The dispute will be litigated in Australia after Warner Bros. lost an argument about how it should be arbitrated in California.
Courtesy of Warner Bros.
'Mad Max: Fury Road' (2015)

Warner Bros. finds itself stuck in an Australian court in a lawsuit filed by director George Miller over Mad Max: Fury Road, the celebrated 2015 film that grossed more than $375 million worldwide.

Miller's loan-out company alleges that its deal for the movie provided a $7 million bonus if the final net cost of Mad Max: Fury Road didn't surpass $157 million. Miller is demanding payment, but by Warners' calculation, the film went over budget. Miller rejects this proposition, blaming a series of decisions which he alleges caused substantial changes and delays to the film. He asserts that Warner Bros. shouldn't take those costs into account. Plus, he is testing a provision under Australian consumer law for Warners' alleged misleading and deceptive conduct in making a deal without informing Miller how added costs would factor into budget calculations.

Additionally, Miller is also claiming that Warner Bros. breached a provision of the contract that provided that if a co-financier was sought, Miller's company would have first opportunity to provide financing on terms comparable to similar financing deals. Warners made a deal with Ratpac Entertainment — a company co-owned by Brett Ratner and, at the time, future Treasury Secretary Steve Mnuchin — allegedly without extending an offer to Miller's company.

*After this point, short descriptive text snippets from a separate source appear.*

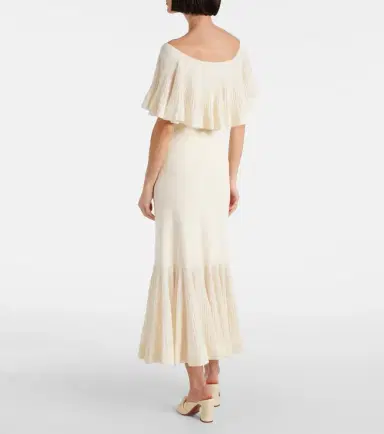 Zimmermann Illuminate pleated ribbed-knit midi skirt | Thumbnail 5 Zimmermann Illuminate pleated ribbed-knit midi skirt | Thumbnail 5
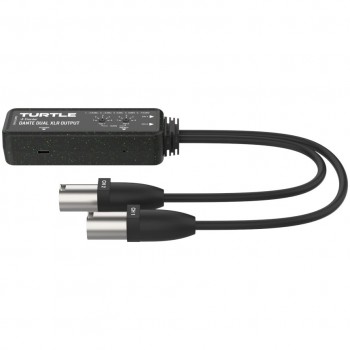 Turtle Dual XLR Output - two-channel Dante digital-to-analogue XLR adapter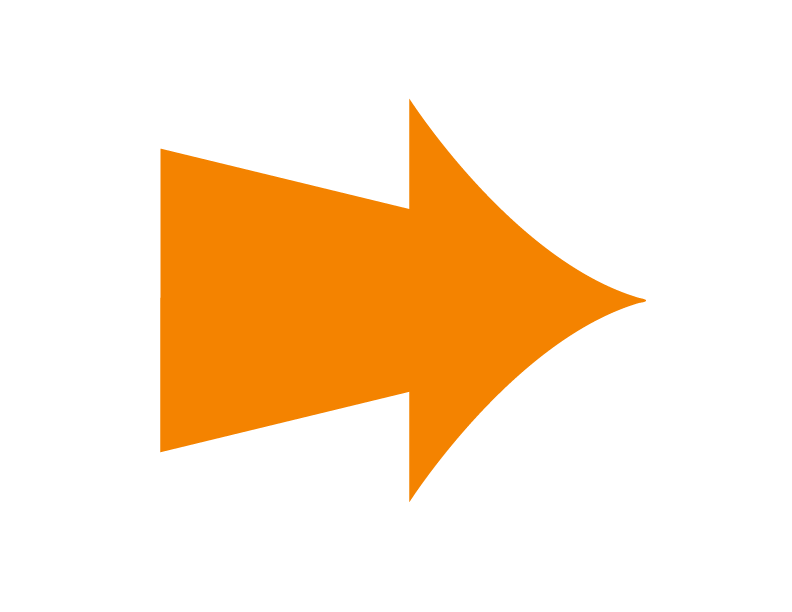 orange arrow png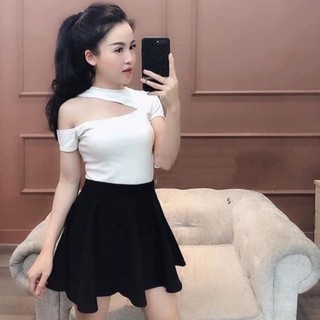Áo phông cộc tay KHOÉT LỆCH chất Bozip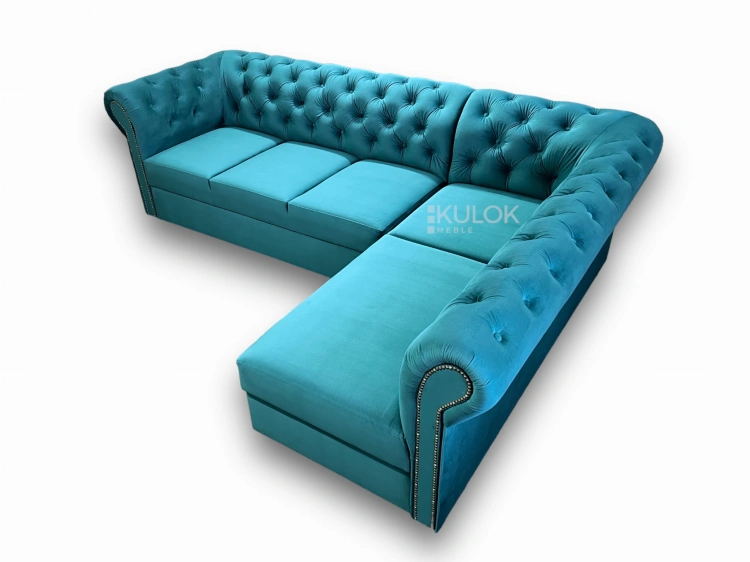 Premium Design: Narożnik Welurowy Magic Velvet 2220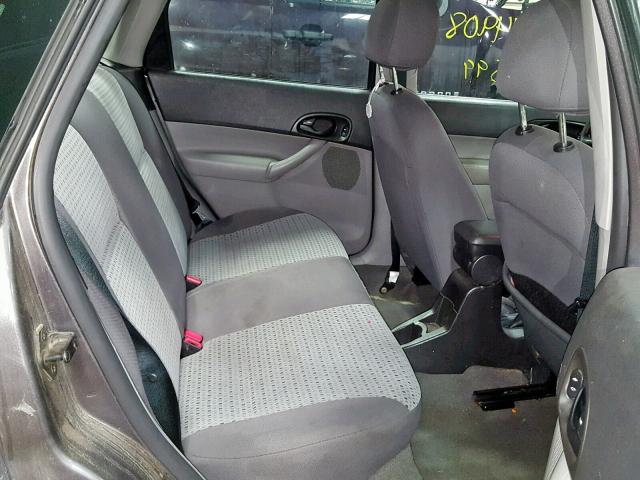 1FAFP34N57W181347 - 2007 FORD FOCUS ZX4 GRAY photo 6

In response to the lawsuit, which was quietly filed in September, Warner Bros. stepped on the gas and attempted to drive the dispute out of Australia. On Thursday, the Supreme Court of New South Wales rejected Warner Bros.' application to refer the matter to arbitration in California.

Warners took the position that an arbitration clause incorporated into the letter agreement plus its standard terms for A-list directors and producers meant the parties were bound to arbitrate.

Miller argued his contract was with the Australian corporation, Warner Bros. Feature Productions Pty Ltd, not Warner Bros. Pictures. Further, he put forward that the contract was to be performed substantially in Australia, that one of his claims fell under a Commonwealth statute and the damage he suffered was in Australian jurisdiction.

The Supreme Court of New South Wales favors Miller's side. Here's the decision.

A Warners spokesperson responds, "We disagree and will vigorously defend against these claims."